WHAT IS NEEDED | Give back exactly the line containing "Certified 2025 Audi Q7 Premium SUV" and all that follow it in the data below, with the pictures left out.

RECORDED DATA |
+===+
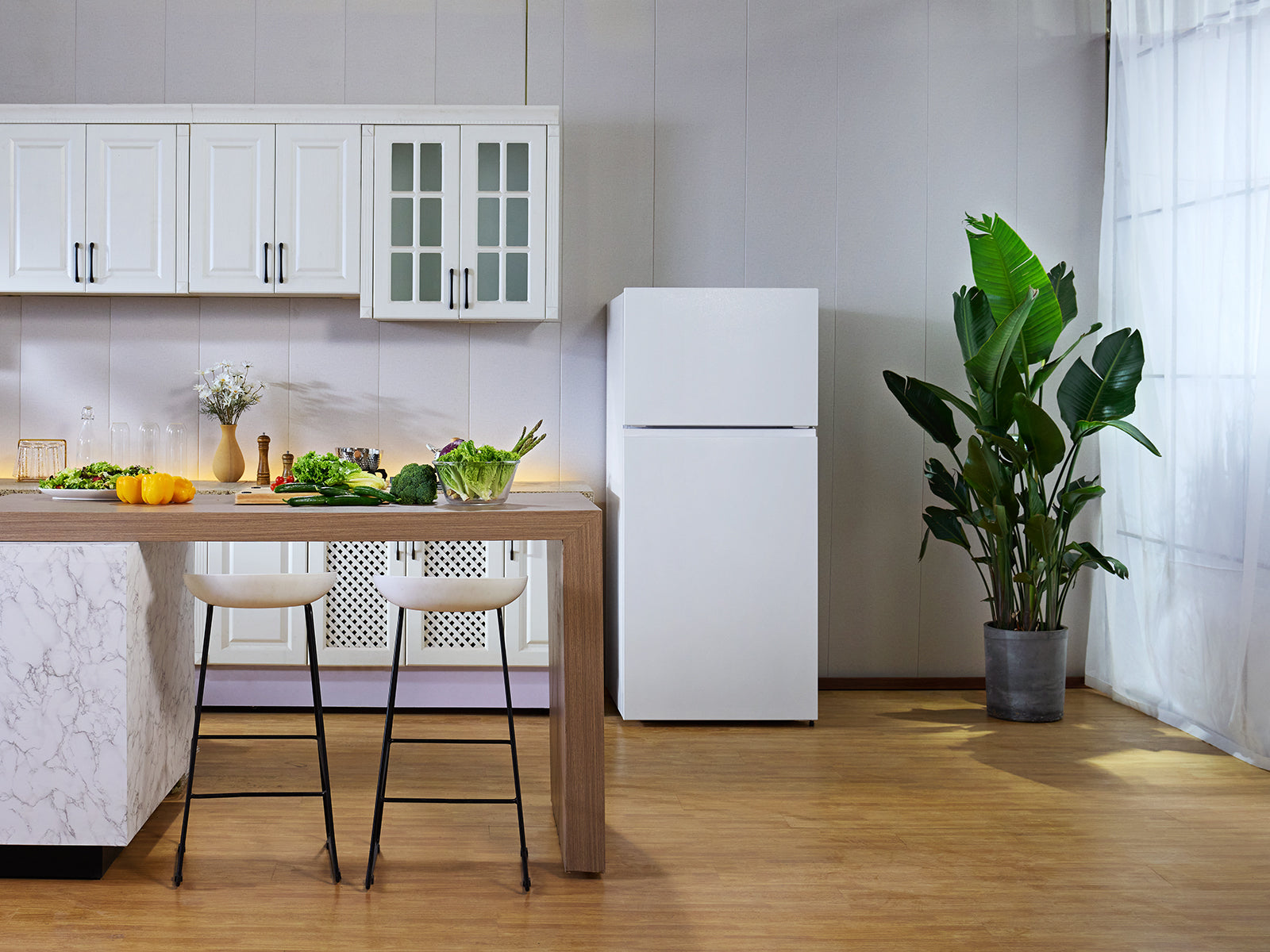 Hisense - 29.7 Inch 18 cu. ft Top Mount Refrigerator in White - RT18A2FWD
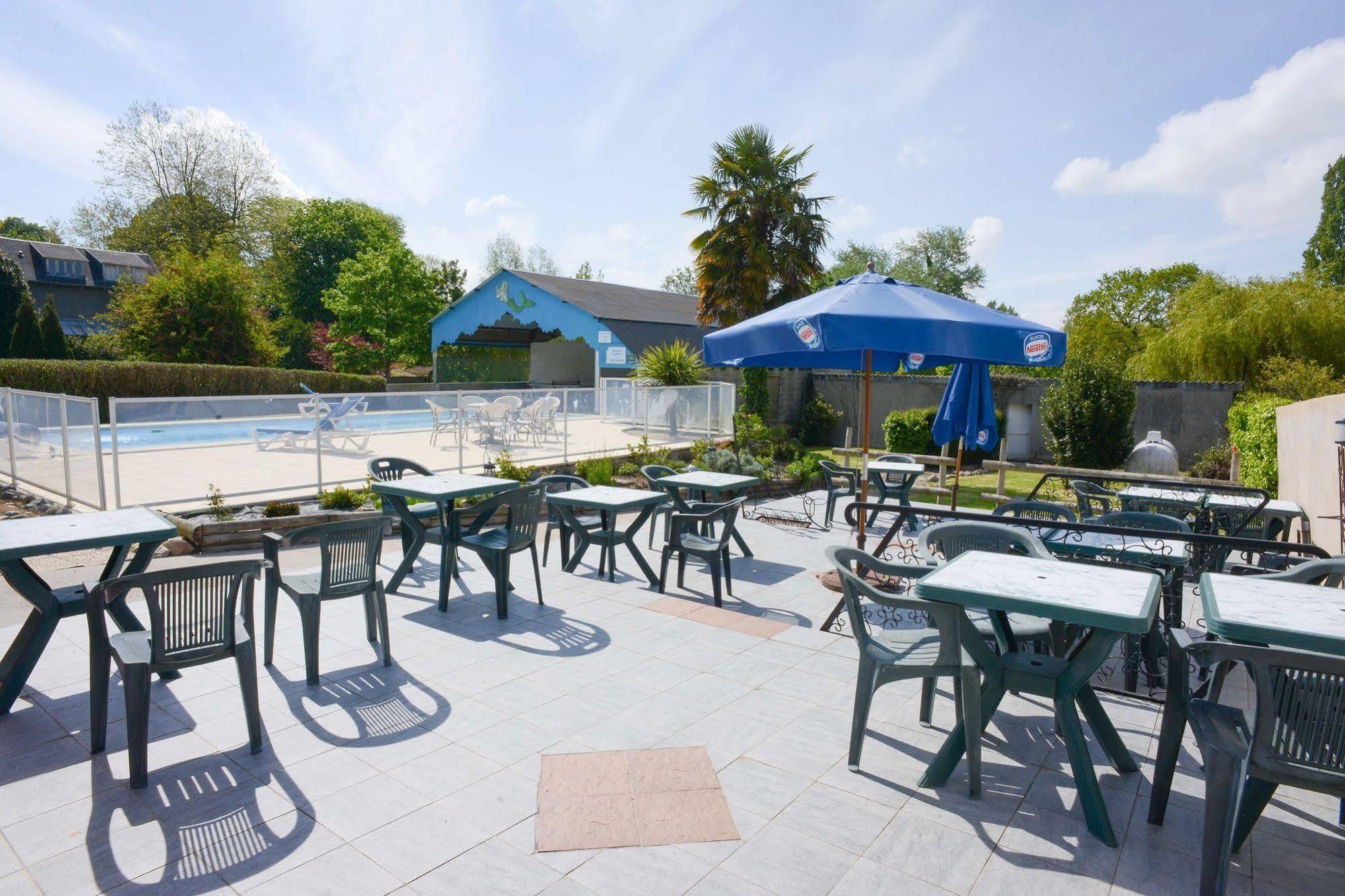 Hotel Des Bains Saint Jean le Thomas Bagian luar foto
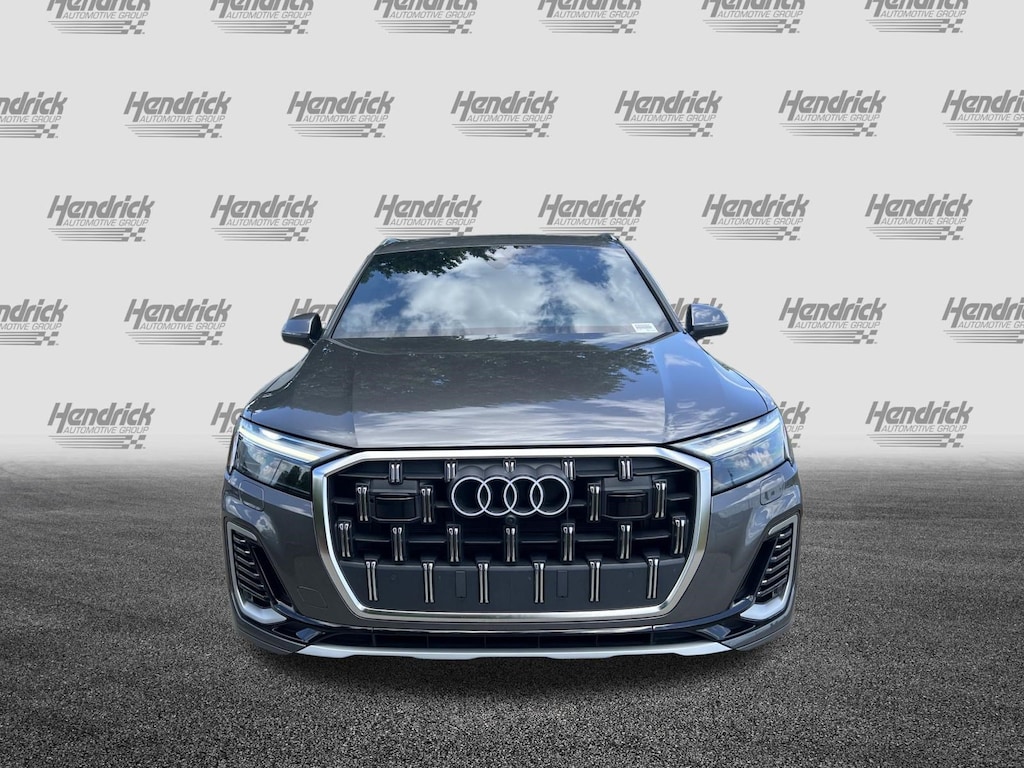 Certified 2025 Audi Q7 Premium SUV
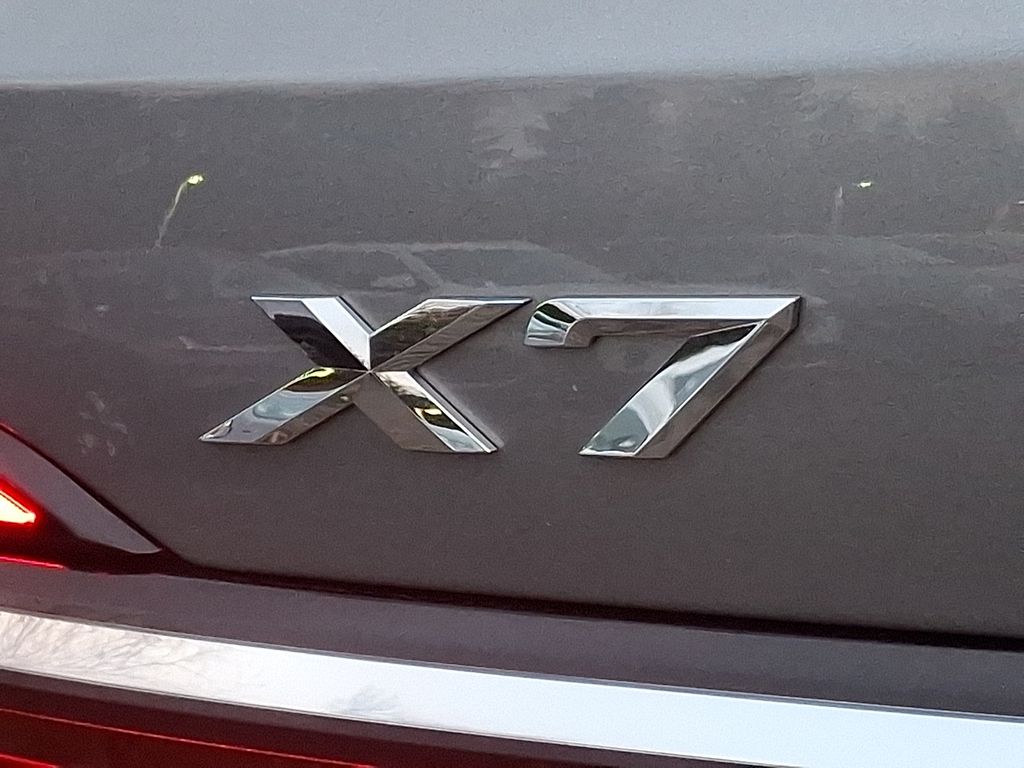Thumbnail: 2023 BMW X7 - 28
+===+
ANSWER TO THIS EXERCISE |
 Certified 2025 Audi Q7 Premium SUV
Thumbnail: 2023 BMW X7 - 28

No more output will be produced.